Were you surprised when you learned about the shooting that took place on Sunday, August 26?
I wasn't.
I wasn't surprised by how I found out (Twitter). I wasn't surprised to learn that the perpetrator was a white man. I wasn't surprised that it was in Florida.
And I was especially unsurprised by the fact that it was connected to competitive video games.
Video games, like all forms of media, are an industry. They're a business, and to say they are wildly successful is a massive understatement. A 2018 Venture Beat article estimates there were "2.6 billion gamers in the world" as of last year.
Well, before this population reached the billions, however, was the question of the industry's effect on individuals, especially children. Research dating all the way back to 1998 doubt the ways video games positively affect identify formation in young people. By normalizing violence as a strategy and necessity and promote sexism and racism, video games and the stories they tell have a strong impact on children's ideas of gender roles. The conversation between masculinity and video games is one that has existed long before massive conferences like E3.
Other data reveal more than troubling statistics (for example, 21% of video games depict violence specifically at women).
Despite these red flags, however, video games have not only become more violent, but more immersive. In expanding their capacity through streaming events video games now allow people to play with, but usually against people all over the world. Virtual reality continues to blur the lines between player and character, reality and story.
These steps are labeled "innovation," and events like conferences and live competitions are meant to promote "good sportsmanship and teamwork and just good vibes." (CNN)
But I'd argue that these sorts of shiny events cover up the messages an overwhelming number of video games promote. Messages of violence being not only acceptable but necessary. Messages of women being tools, sexual objects, or nothing of value at all.
Messages of hegemonic masculinity that do not support emotional openness and communication, but instead the ideas of domination and control.
Before you start calling me "grandma," this is coming from someone who grew up playing "Pokemon Diamond" and "Kirby Super Star," who loves playing "Super Smash Brothers."
I'm caught up in the mind-numbing routine of beating fake bad guys, shooting animated guns, and wielding pretend swords as much as I binge watch violent shows like "Law and Order: SVU."

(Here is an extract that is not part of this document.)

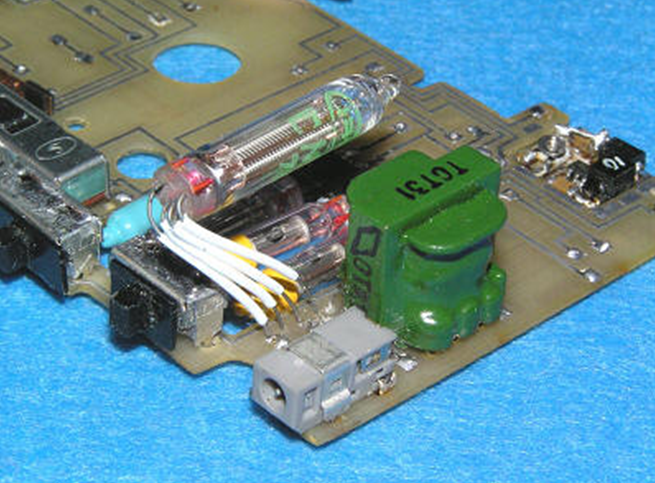 Вид индикаторной лампы DM-160 и выходной трансформатор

I don't think I, any other person, or any man necessarily become more violent because of video games.
But we do become less sensitive to it.
The shows we watch present someone (usually a women or person of color) being raped, murdered, or some combination of horrors.
The news stations we instinctively listen to agree with our own biases and tell us stories we're more likely to keep listening to.
The video games we play are media.
We need to remember that all media has an impact on how we grow, what we see as right and wrong, and what we deem acceptable responses to when we feel uncomfortable, scared, or angry.
We can't be surprised about a lot of the things surrounding the Jacksonville shooting. We especially can't be surprised that, despite mental health concerns and the sixth strictest gun law in the nation, a man was able to enter a major public space and begin shooting into a crowd.
We should be surprised, however, that we aren't asking ourselves how media, but especially video games, aided the social norms that placed us in this position in the first place. Video game companies certainly aren't.
Will we all sit in complicity on not just policy, but our own lives? Or will we take the steps necessary to start being more aware of the ideas we witness every day?
What do the advertisements we pass by, the television shows we binge, the podcasts we listen to, and, yes, the video games we play, really part on our psyches?
Let's remember that the media we consume has always been and will always be important, especially when remembering that gun violence is not normal.